### PROMPT:
Print out the full material below, exact in every line, with no images included.

### SOURCE DATA:
• • •
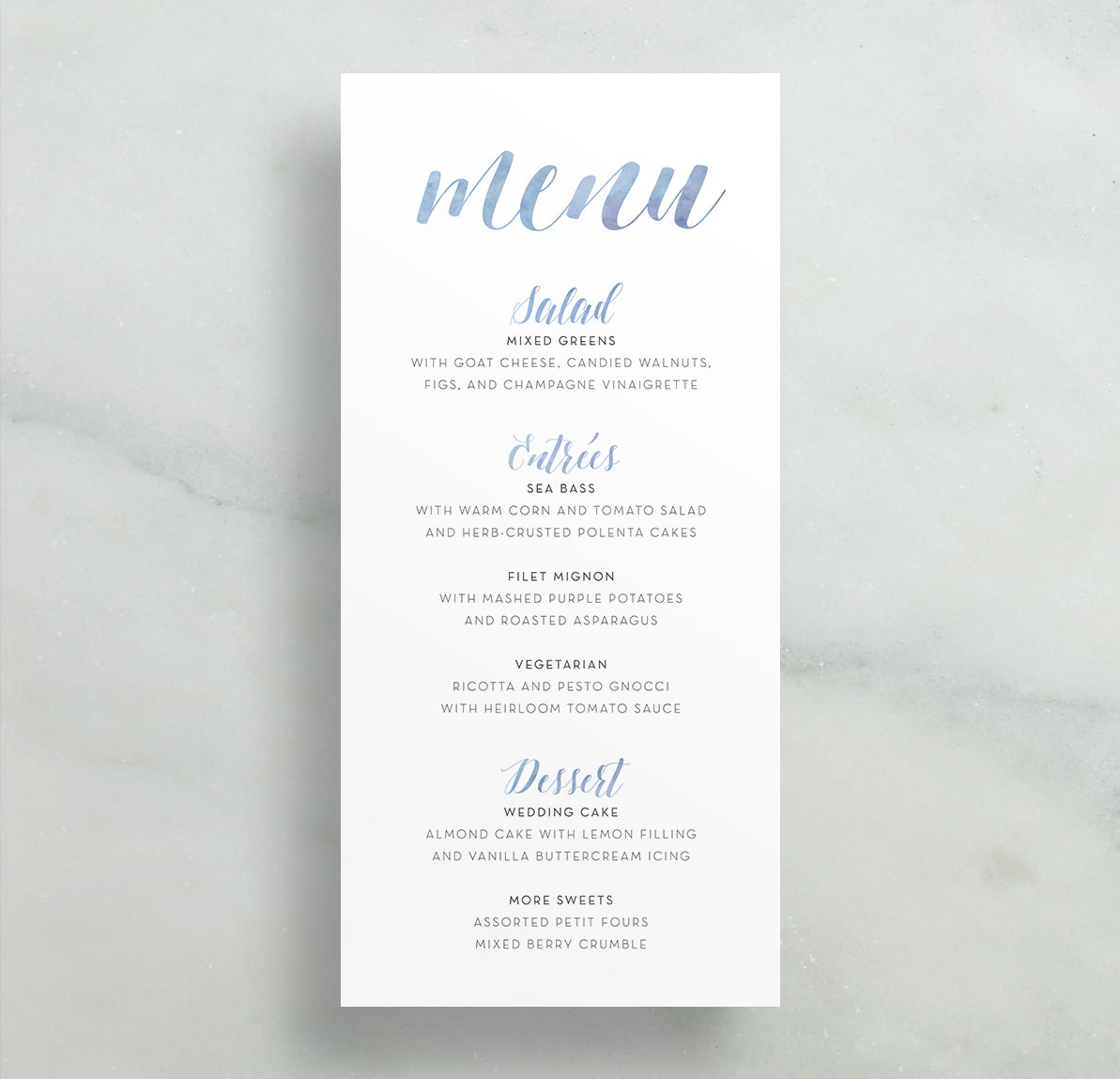 Watercolor Calligraphy Menus (any color!) – dunkirkdesigns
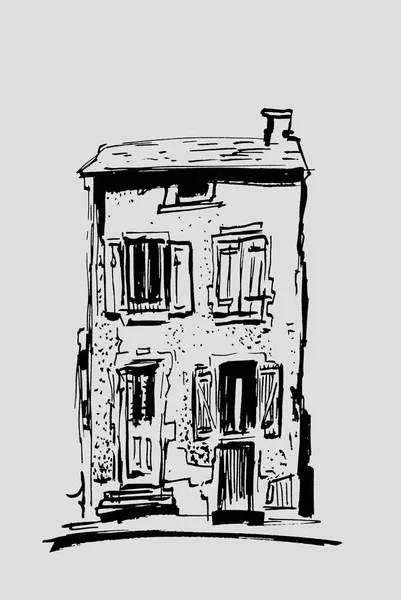 建物のスケッチは nk。手は、ヨーロッパの古い町で住宅のイラストを描いた。アートワークを旅行します。灰色の背景に分離された黒の線画. — ストック写真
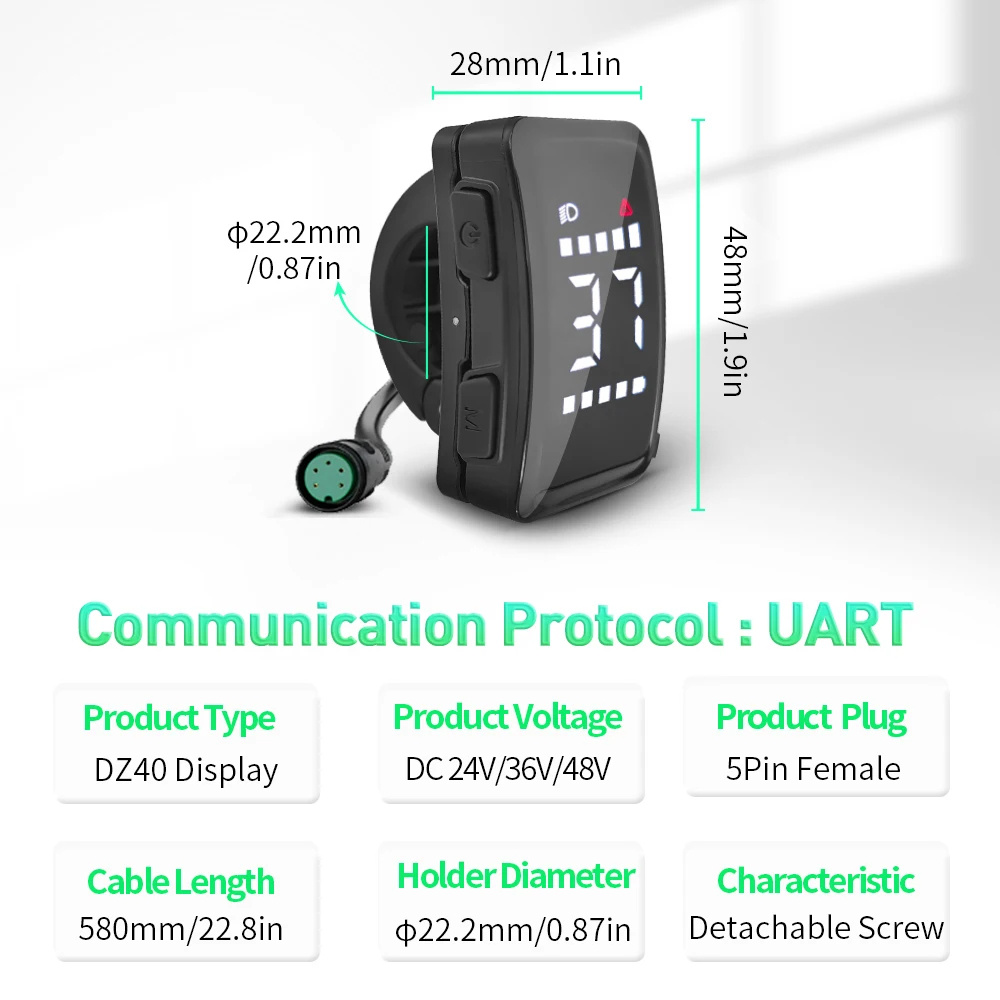 BAFANG DZ40 Ebike is suitable for BBS01 BBS02 BBSHD mini instrument eight sided central motor display screen,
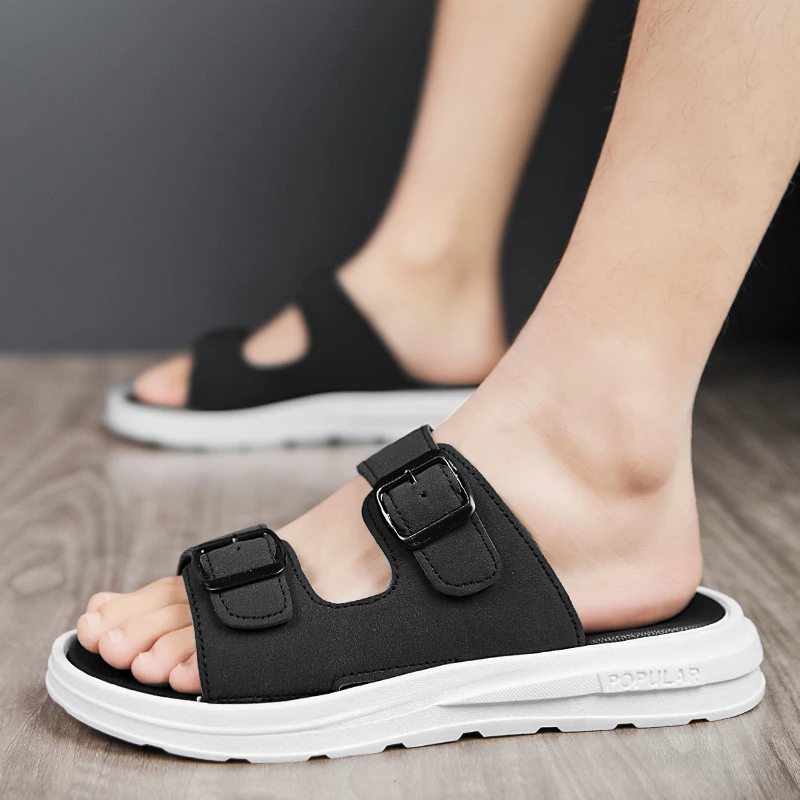 Summer Men's Fashionable Double Button Casual Slippers Breathable Hotel Beach Sandals Classics Outdoor Comfort Lightweight Shoes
• • •
### RESULT FOR THIS TASK:
 Watercolor Calligraphy Menus (any color!) – dunkirkdesigns
 建物のスケッチは nk。手は、ヨーロッパの古い町で住宅のイラストを描いた。アートワークを旅行します。灰色の背景に分離された黒の線画. — ストック写真
 BAFANG DZ40 Ebike is suitable for BBS01 BBS02 BBSHD mini instrument eight sided central motor display screen,
 Summer Men's Fashionable Double Button Casual Slippers Breathable Hotel Beach Sandals Classics Outdoor Comfort Lightweight Shoes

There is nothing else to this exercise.